WORK TASK ▸ All the lines below should appear again unchanged, though their pictures should not.
+++ TASK INPUTS +++
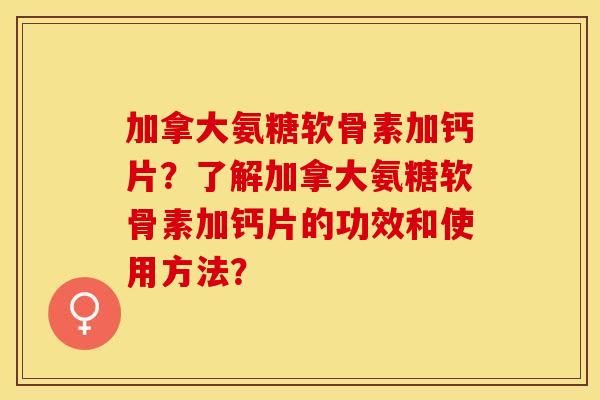 加拿大氨糖软骨素加钙片？了解加拿大氨糖软骨素加钙片的功效和使用方法？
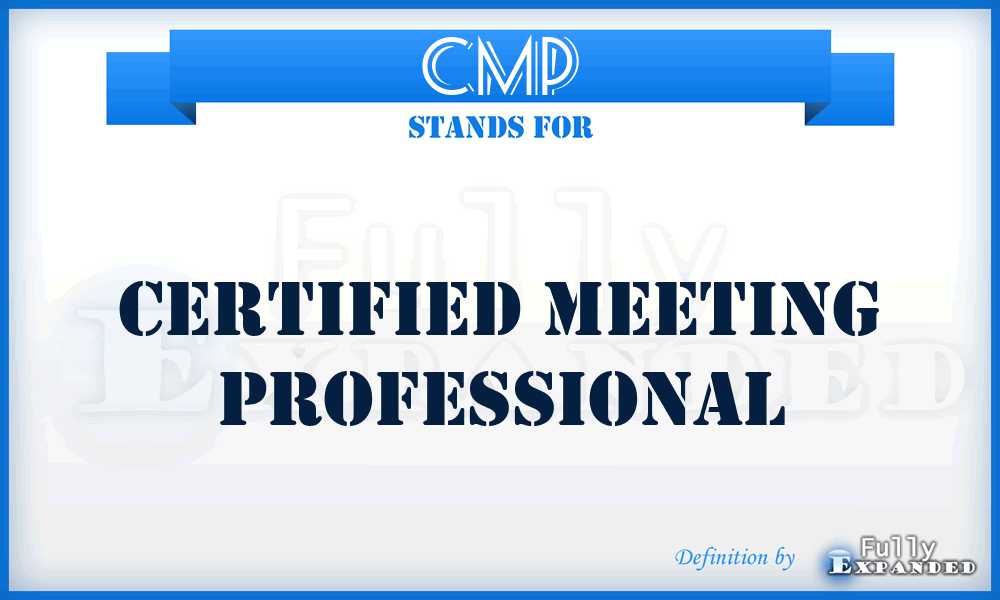 CMP - Certified Meeting Professional
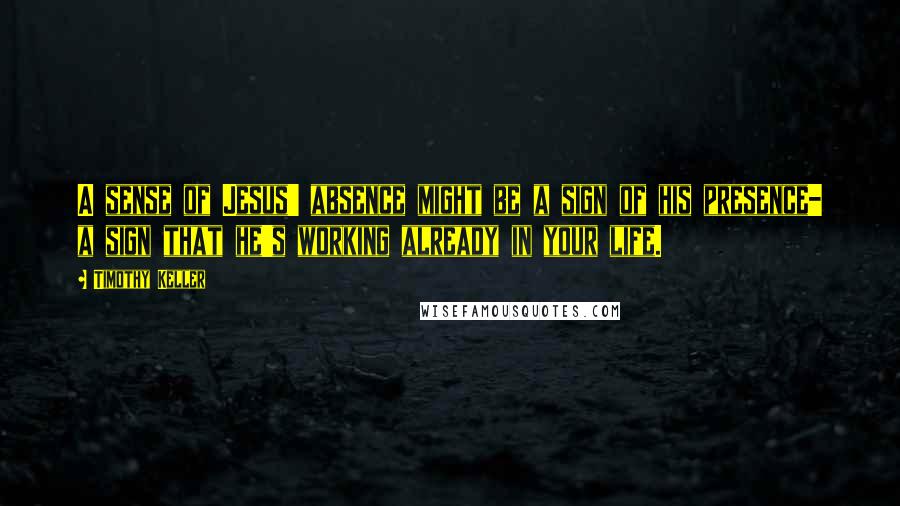 Timothy Keller Quotes: A sense of Jesus' absence might be a sign of his presence- a sign that he's working already in your life.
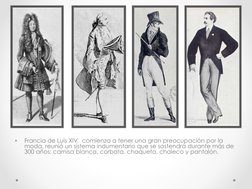 • 
Francia de Luis XIV,  comienza a tener una gran preocupación por la 
moda, reunió un sistema indumentario que se sostendrá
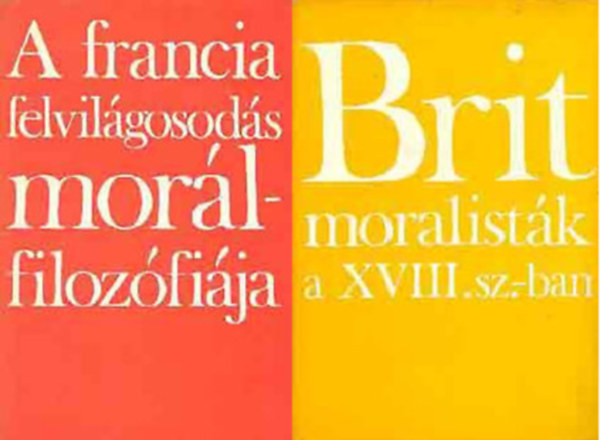 Márkus György (szerk.) - Brit moralisták a XVIII. sz.-ban + A francia felvilágosodás morálfilozófiája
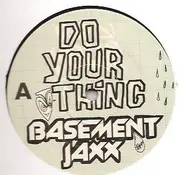 Basement Jaxx - Do Your Thing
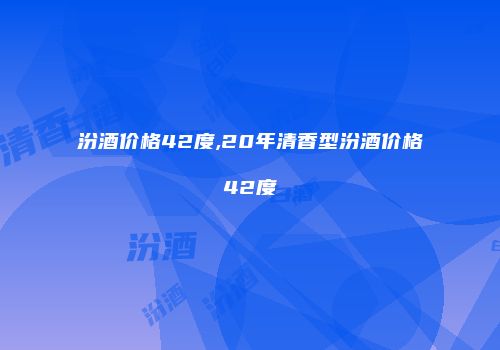 汾酒价格42度,20年清香型汾酒价格42度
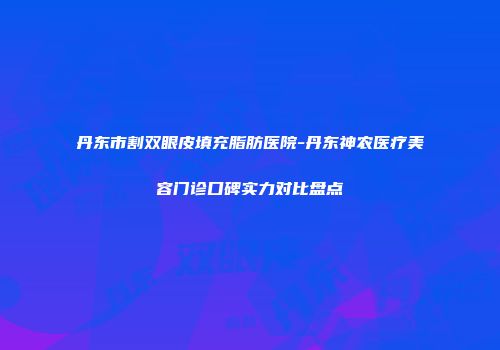 丹东市割双眼皮填充脂肪医院-丹东神农医疗美容门诊口碑实力对比盘点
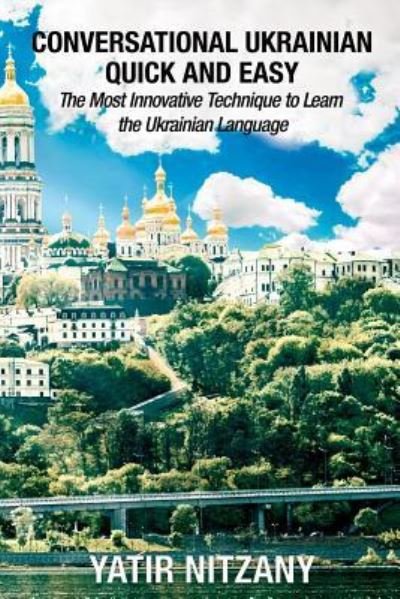 Cover for Yatir Nitzany · Conversational Ukrainian Quick and Easy: The Most Innovative Technique to Learn the Ukrainian Language (Pocketbok) (2019)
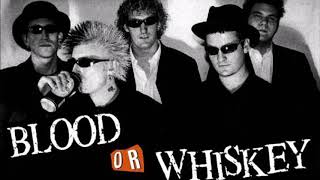 Blood or Whiskey - Galway Town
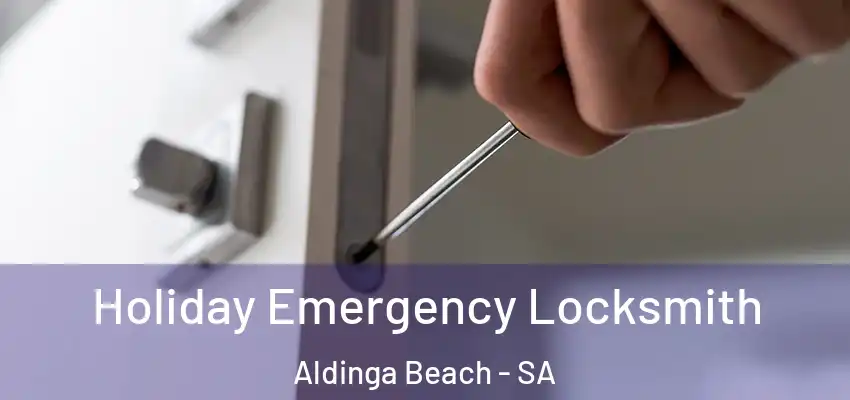 Holiday Emergency Locksmith Aldinga Beach - SA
+++
EXERCISE RESULT ▸
 加拿大氨糖软骨素加钙片？了解加拿大氨糖软骨素加钙片的功效和使用方法？
 CMP - Certified Meeting Professional
 Timothy Keller Quotes: A sense of Jesus' absence might be a sign of his presence- a sign that he's working already in your life.
 • 
Francia de Luis XIV,  comienza a tener una gran preocupación por la 
moda, reunió un sistema indumentario que se sostendrá
 Márkus György (szerk.) - Brit moralisták a XVIII. sz.-ban + A francia felvilágosodás morálfilozófiája
 Basement Jaxx - Do Your Thing
 汾酒价格42度,20年清香型汾酒价格42度
 丹东市割双眼皮填充脂肪医院-丹东神农医疗美容门诊口碑实力对比盘点
 Cover for Yatir Nitzany · Conversational Ukrainian Quick and Easy: The Most Innovative Technique to Learn the Ukrainian Language (Pocketbok) (2019)
 Blood or Whiskey - Galway Town
 Holiday Emergency Locksmith Aldinga Beach - SA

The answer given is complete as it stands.